Hello! I decided I want another redfoot baby as a companion to my 3-4 inch current baby. I would be interested in a baby that is under 4-5 inches (around the same size as my current baby) I would be open to have it shipped and do not want to pay any more then $120 total for tort and shipping if possible! Would like one from a breeder that is CB and healthy!! Please contact me if you have baby RF's and can ship once the weather warms up, I can pay via paypal or CC or cash locally! Thanks!


----------



## kathyth (Jan 11, 2015)

We have some fantastic breeders in this forum, under the for sale section.
You could have trouble with the $120. Including shipping.
Good luck!!
Redfoots rule!


----------



## crabby-J (Jan 11, 2015)

I looked in the for sale section but am having a hard time finding a breeder, I see some reds that are older or from people that won't ship.

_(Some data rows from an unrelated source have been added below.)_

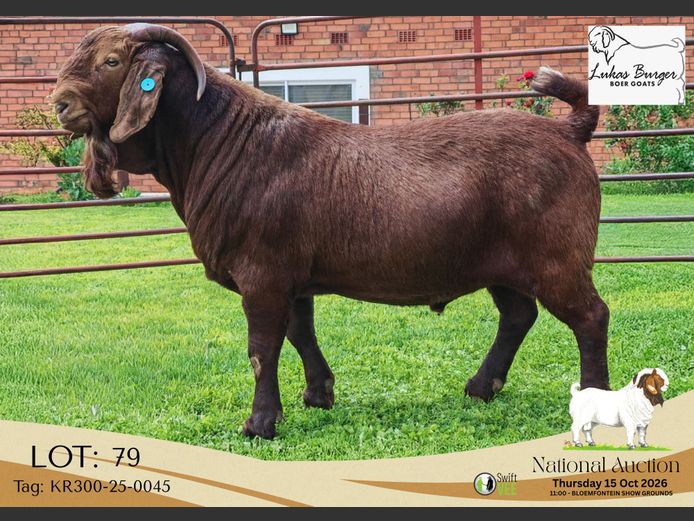 KR300-24-0045 | Lukas Burger Stoet
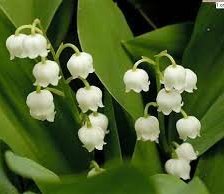 Схема вышивки «Gyöngyvirág»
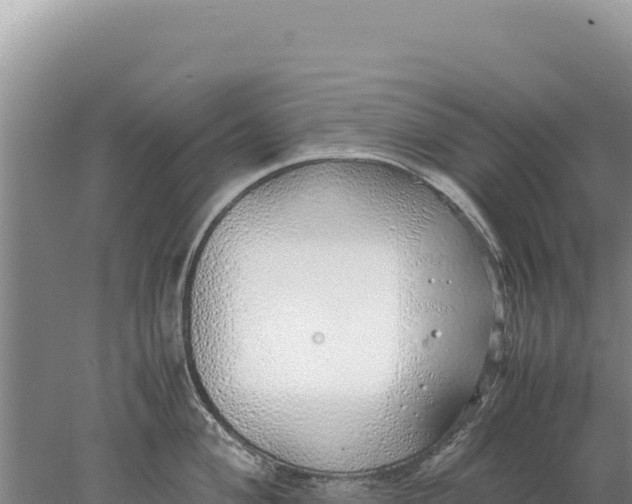 X0000077991004200611171750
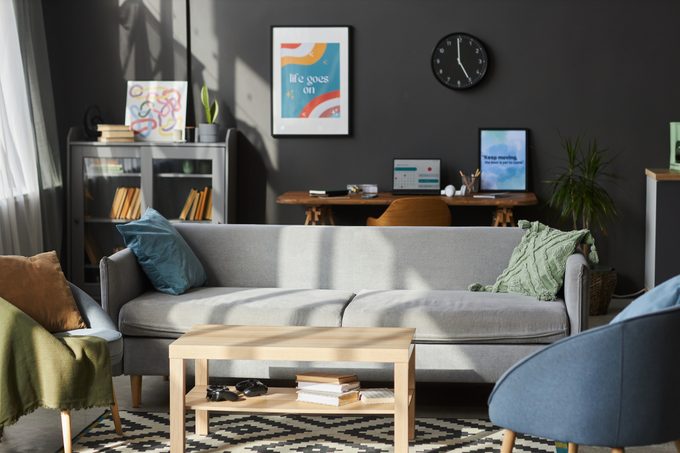 Sunlit Designer Living Room Interior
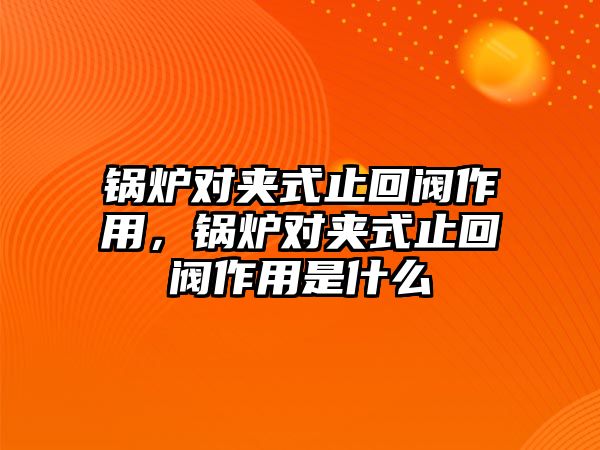 鍋爐對(duì)夾式止回閥作用，鍋爐對(duì)夾式止回閥作用是什么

Can you suggest a few redfoot breeders? I will pay more but I got my redfoot plus shipped for $140 total so I don't want to spend any more then that. Let me know thanks!


----------



## kathyth (Jan 11, 2015)

Did you see the for sale on page 2, from a " jwang" ? This person had young Redfoots for 80 plus shipping. That's as cheap as I've ever seen them.
They posted early Dec, but could still have some.


----------



## stojanovski92113 (Jan 11, 2015)

kathyth said:


> We have some fantastic breeders in this forum, under the for sale section.
> You could have trouble with the $120. Including shipping.
> Good luck!!
> Redfoots rule!


Redfoots certainly RULE


----------



## naturalman91 (Jan 11, 2015)

if you step up even 15 dollars i got my red for 135 shipped to my door


----------



## N2TORTS (Jan 13, 2015)

pricing should never be a concern for a life long friend !


----------



## crabby-J (Jan 17, 2015)

stojanovski92113 said:


> Redfoots certainly RULE





N2TORTS said:


> pricing should never be a concern for a life long friend !



Oh I agree! haha! I'm just thinking about your adorable cherry heads!


----------



## crabby-J (Jan 18, 2015)

Is there an area where breeders are listed??


----------



## N2TORTS (Jan 18, 2015)

http://www.tortoiseforum.org/threads/breeders-list.64666/


----------